The derivative of cosine uses the angle addition formula for cosine, and the rest is the same, yielding:

$$ \frac{d}{dx}\cos{(x)}=-\sin{(x)} $$

Taylor Series Constructed

The Taylor Series around zero is the Maclarin Series, and for Sine and Cosine, they are as follows:

$$ \sin(x) = \sin(0) + \cos(0) x - \frac{1}{2!}\sin(0) x^2 - \frac{1}{3!}\cos(0) x^3 + \cdots $$

Here we see that the sine function is to first order linear in its argument—applicable when $x\ll 1$, which we knew from geometric argument, above, is now reflected in the Taylor series, which has more terms of precision built-in.

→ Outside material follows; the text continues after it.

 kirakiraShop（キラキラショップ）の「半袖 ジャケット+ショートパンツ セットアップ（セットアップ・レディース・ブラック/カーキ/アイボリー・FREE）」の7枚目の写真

$$ \cos(x) = \cos(0) - \sin(0) x - \frac{1}{2!}\cos(0) x^2 + \frac{1}{3!}\sin(0) x^3 + \cdots $$

Tangent Taylor Series

As a rational construction of the cofunctions, the tangent has no dependence on the hypotenuse as the Sine in the numerator and Cosine in the denominator have the same factor of it which forms a factor of unity upon reduction. The derivatives of tangent rely on the derivatives of the cofunctions (via the Product Rule here) starting procedurally with the definition of the derivative.

Derivative of Tangent

$$ \frac{d}{dx}\tan(x) = \lim_{dx\to 0}\frac{tan(x+dx)-tan(x)}{dx} $$

Using the angle addition rule on the tangent is a matter of using the angle addition formulas for the cofunctions:

$$ \tan(x+dx)=\frac{\sin(x)\cos(dx)+\sin(dx)\cos(x)}{\cos(x)\cos(dx) -\sin(x)\sin(dx)} $$

Applying our small angle approximations for the cofunctions in order to get first-order approximations for terms with argument of $dx$, and plugging into the numerator:

$$ \tan(x+dx)-\tan(x)=\frac{\sin(x)+dx\cos(x)}{\cos(x) -\sin(x)dx} - \frac{\sin(x)}{\cos(x)} $$

Finding equivalent fractions with a common denominator, and reducing:

$$ \frac{d}{dx}\tan(x) = \lim_{dx\to 0}\frac{1}{\cos^2(x)-\sin(x)\cos(x)dx}=\cos^{-2}(x) = \sec^2(x) $$

Second Derivative of Tangent

Applying the Chain Rule to the secant-squared function gives us:

$$ \frac{d^2}{dx^2}\tan(x)=\frac{d}{dx}\cos^{-2}(x)=\frac{2\sin(x)}{\cos^3(x)}=2\sec^2(x)\tan(x) $$

Constructing the Tangent Taylor Series

We know what the zeroth derivative of tangent is at zero, $\tan(0)=0$, and its first derivative at zero, $\sec^2(0)=1$, and calcululating the derivatives through the fifth order, and evaluating them at zero, we have for the Taylor series of tangent:

$$ \tan(x) = x + \frac{2}{3!}x^3 + \frac{16}{5!}x^5 \cdots $$

The domain of tangent is $(-\pi/2, \pi/2)$, which repeats every $\pi$ radians in both directions.

Inversion

The description of the inverse of Sine is with the understanding that an interval of $2\pi$ radians defines a domain of every period of the cyclical function.